1980年の3月14日からサンフランシスコで開催された第4回WCCFでMICROSOFT社はApple II用にそれまで誰も思い付かなかった大変面白いカードを発表しました。このカードが出る前にも沢山の拡張カードがApple IIの機能を拡張する為に作り出されたのですがこのカードは反対にApple IIを手足に使う物でした。
Z80 CPUの乗ったこのMICROSOFT SOFTCARDはApple IIに強力な拡張性と柔軟性を付け加える製品でCP/M operating system version 2.2とMICROSOFT製BASIC-80 version 5.0とともに$399で販売されました。
このカードをApple IIの0番スロット以外に差し込み、付属のディスクからBOOTするとマザーボード上の6502 MPUは動作を止められカード上のZ80 CPUが動き始めます。そしてマザーボード上の6502 MPUは画面の書き換えやフロッピィディスクドライブのコントロール、キーボード等のI/Oを受け持ち、必要なときだけ動くことが許されるZ80 CPUの下請けとなります。つまりApple IIがZ80をCPUとするコンピュータに変身するというカードだったのです。
MICROSOFT社はSOFTCARDを強力にサポートする製品を同時に発表しました。FORTRANやCOBOLのコンパイラ、アセンブリランゲージの開発システム、BASICコンパイラ、muMathやmuLisp言語、Apple Language System互換の16K byteメモリー拡張カード(MICROSOFT RAM CARD)等です。
Apple IIはSOFTCARDによってCP/Mという新たなOSを得て、MBASIC、GBASIC、FORTRAN、COBOLなどの本格的な言語プロセッサーを含む、当時最大のソフトウェア資産であった数千種のCP/Mプログラムを使える様になりました。

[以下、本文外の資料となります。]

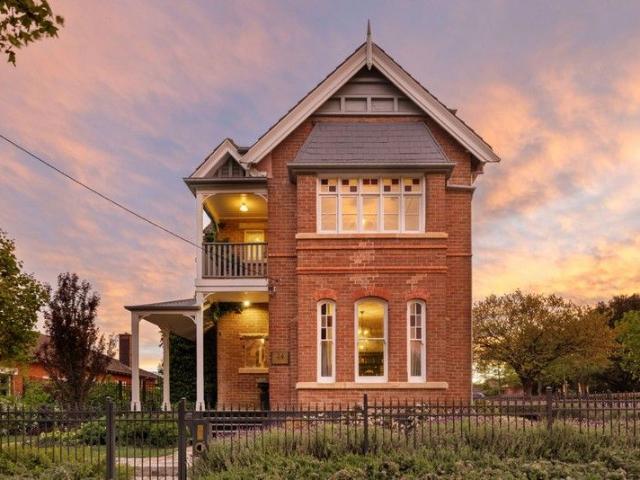 House for sale in Brisbane Grove, New South Wales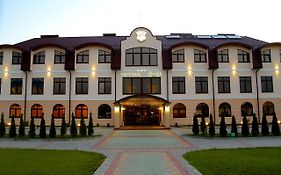 Best Hotel And Restaurant Complex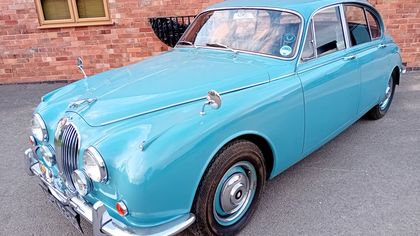 Jaguar Mark 2 240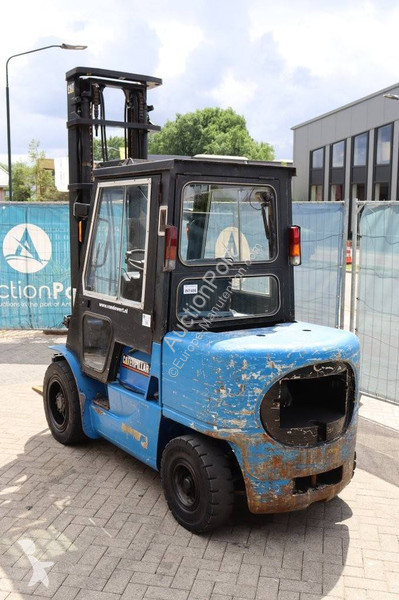 Caterpillar DP35K Gabelstapler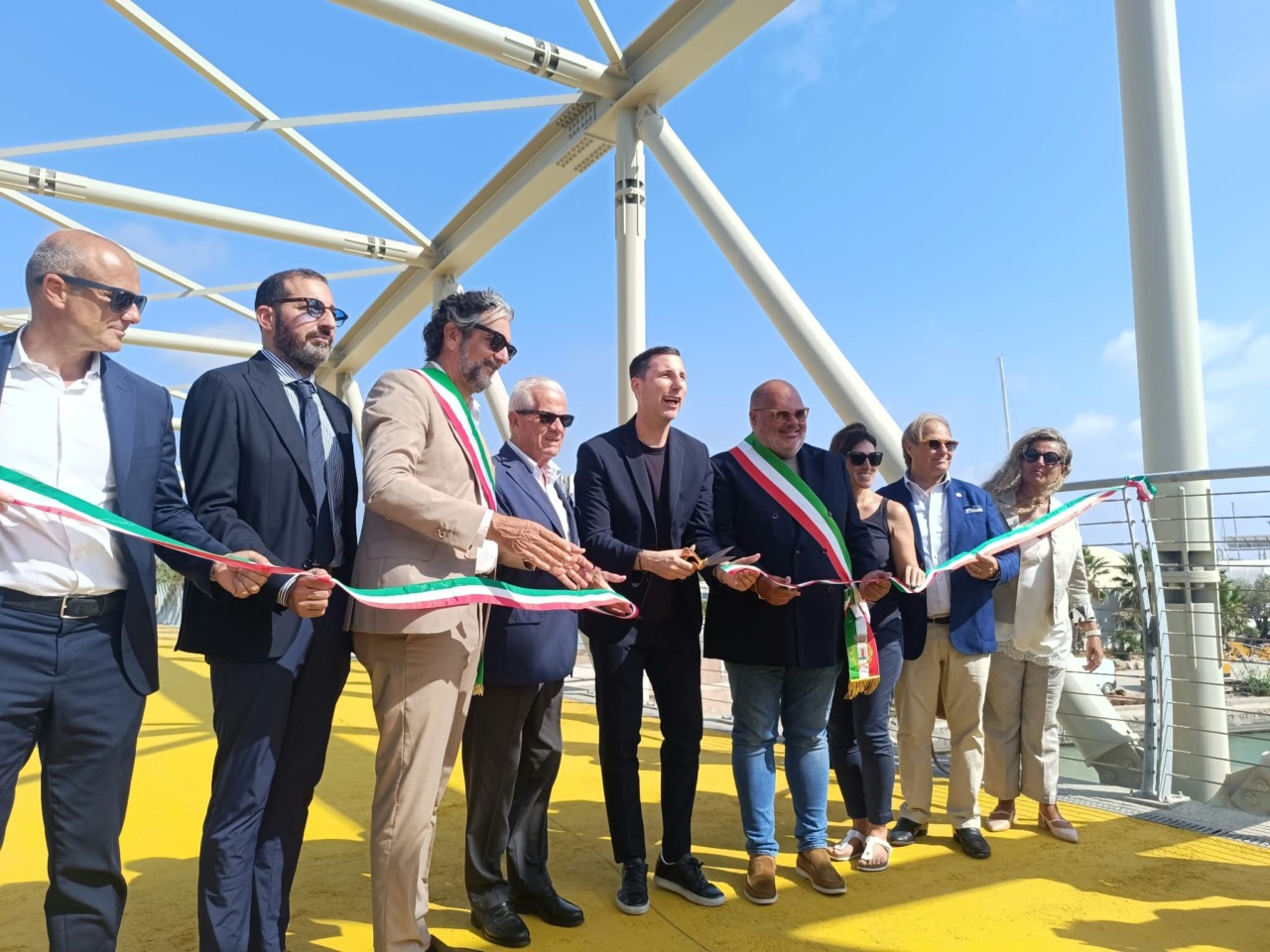 Taglio del nastro per il nuovo ponte sul torrente Argentina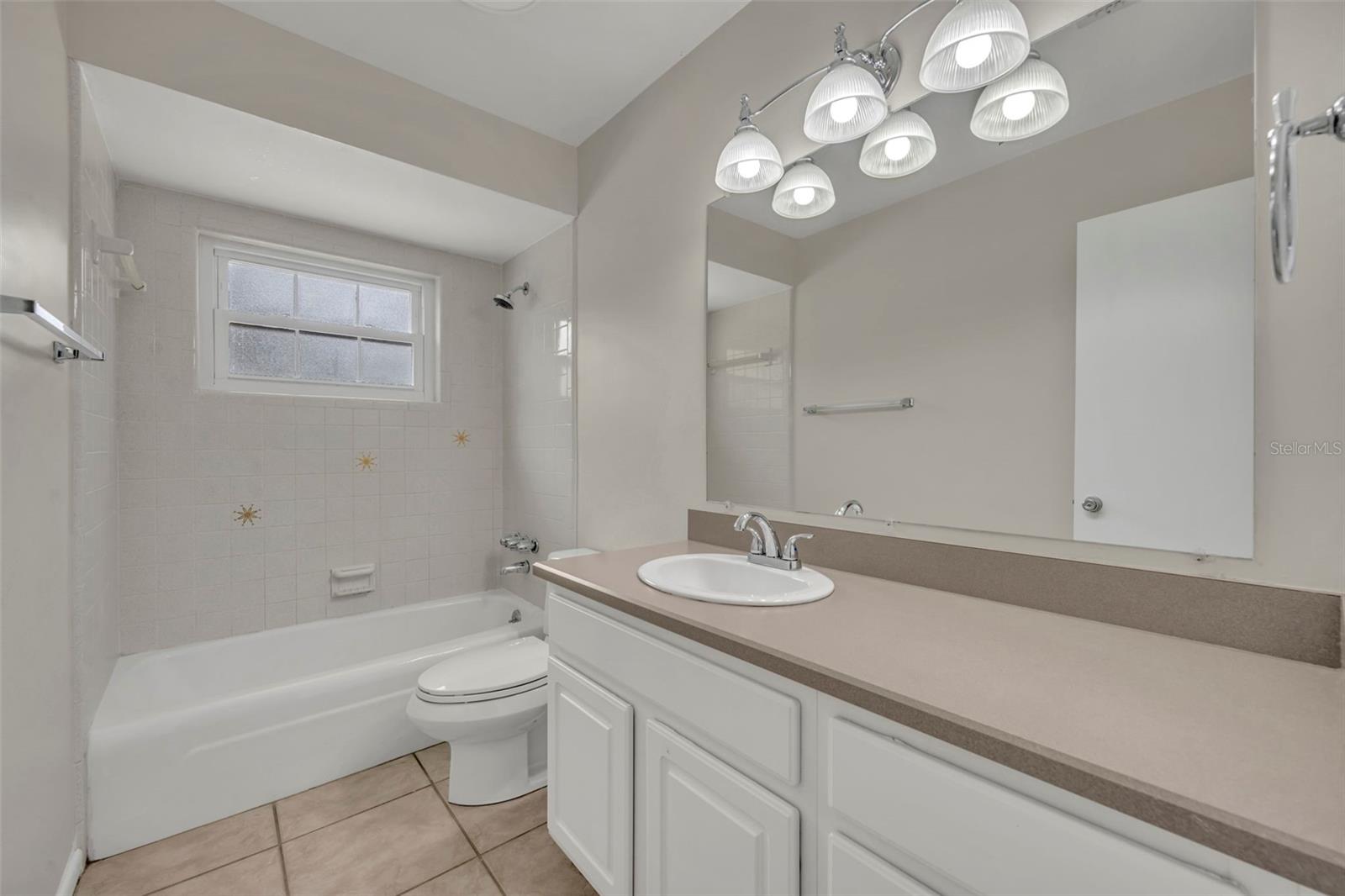 GREENFIELD MANOR - Residential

この種の拡張カードは、これ以後、6809、8088、8086、68000.....と、新しいCPUが発表される度に必ず新しい拡張カードが開発されApple IIは常にハードもソフトも最強のパーソナルコンピュータであり続けました。
(余談)当時、MICROSOFT社はCP/Mベースの言語ソフトや開発ソフトに力を入れており爆発的に売れているApple IIのユーザーをターゲットにしたソフトウェアの販売を目論みプロデュースした様です。MICROSOFT社のこの計算通り、このカードは最初の1年で25,000ユニットを販売するヒット商品となりました。このカードの登場でApple IIユーザーは新たな可能性(と、言うか楽しみ方)をApple IIに見い出したと思います。これはその後新しいCPUが出る度に新しいカードが出たことでも判ります。
SOFTCARDのパッケージはカードと13セクターと16セクターのCP/Mマスターディスク各1枚、2册のマニュアルで構成され、カードはBurtronix社(California州Huntington Beach)のDon Burtisがデザインし、初期のApple II関連のハードウェアで有名なCalifornia Computer Systems社(California州Sunnyvale)が製造しました。
SOFTCARDはslot 0以外ならどの拡張スロットでも動作し、Apple Language SystemやMICROSOFT RAM CARDを使用した場合は本体の48K byteに加えて12K byteのメモリーが使用できます。SOFTCARDは残念ながらApple IIIでは使用できません(後にApple III専用の製品が出た)。80桁表示ビデオカードを使用することは可能です。